1. A spectrometric measurement apparatus for measuring intensity distributions of optical radiation, the measurement apparatus comprising: wherein at least one grating parameter of the first diffractive grating is different than a corresponding grating parameter of said second diffractive grating.

a collimator adapted to produce a beam of incident radiation,

a first diffractive grating at a location where said first diffractive grating is adapted to receive a first part of said incident radiation,

a second diffractive grating at a location where said second diffractive grating is adapted to receive a second part of said incident radiation at the same time when said first diffractive grating receives said first part of said incident radiation, and

a detector arrangement at a location where said detector arrangement is adapted to receive radiation diffracted by said first and second diffractive gratings;

2. A spectrometric measurement apparatus according to claim 1, wherein said first and second diffractive gratings are mechanically separate pieces, the location and direction of which are set individually.

3. A spectrometric measurement apparatus according to claim 1, wherein said first and second diffractive gratings are parts of a single mechanical piece.

4. A spectrometric measurement apparatus according to claim 3, wherein said first and second diffractive gratings are two adjacent, differently patterned areas on a surface of a common substrate.

5. A spectrometric measurement apparatus according to claim 1, wherein said first and second diffractive gratings are flat-field holographic gratings.
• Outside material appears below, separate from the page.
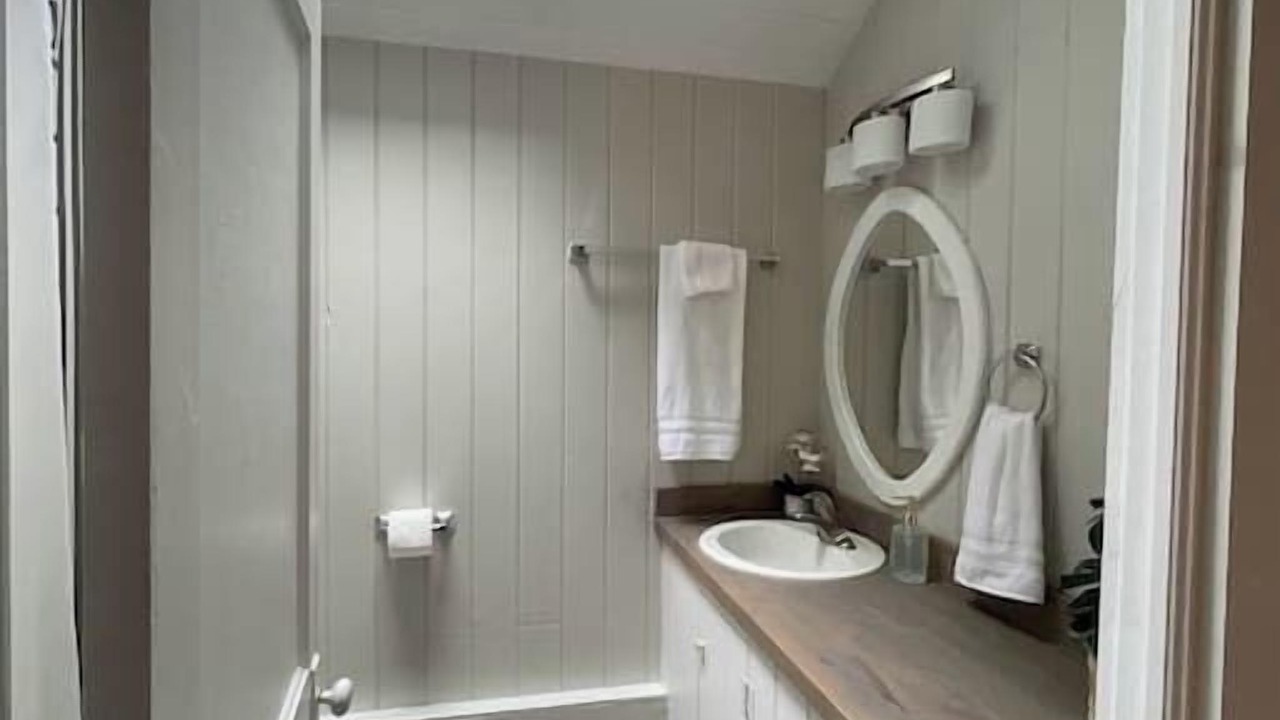 Photo of Bathroom in Edgecomb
6. A spectrometric measurement apparatus according to claim 1, wherein said detector arrangement comprises a continuous and linear array of adjacent detector elements.

7. A spectrometric measurement apparatus according to claim 6, wherein said array of adjacent detector elements is a photodiode array.

8. A spectrometric measurement apparatus according to claim 6, wherein said array of adjacent detector elements is a CCD detector.

9. A spectrometric measurement apparatus according to claim 1, comprising:

a first mirror at a location where said first mirror is adapted to reflect diffracted radiation coming from said first diffractive grating towards said detector arrangement, and

a second mirror at a location where said second mirror is adapted to reflect diffracted radiation coming from said second diffractive grating towards said detector arrangement.

10. A spectrometric measurement apparatus according to claim 9, wherein said first and second mirrors are mechanically separate pieces, the location and direction of which are set individually.

11. A spectrometric measurement apparatus according to claim 1, wherein:

said first diffractive grating is adapted to diffract parts of the incident radiation having at least wavelengths of 174 nanometres, 178 nanometres, and 180 nanometres towards the detector arrangement either directly or reflected through a mirror, and

said second diffractive grating is adapted to diffract parts of the incident radiation having wavelengths that are longer than those diffracted by the first diffractive grating towards the detector arrangement either directly or reflected through a mirror.

12. A spectrometric measurement apparatus according to claim 1, wherein the spectrometric measurement apparatus is contained in a hand-held measurement unit adapted to produce electric discharges at a surface of a sample, so that optical radiation from a produced discharge is adapted to be directed to said collimator for producing said beam of incident radiation.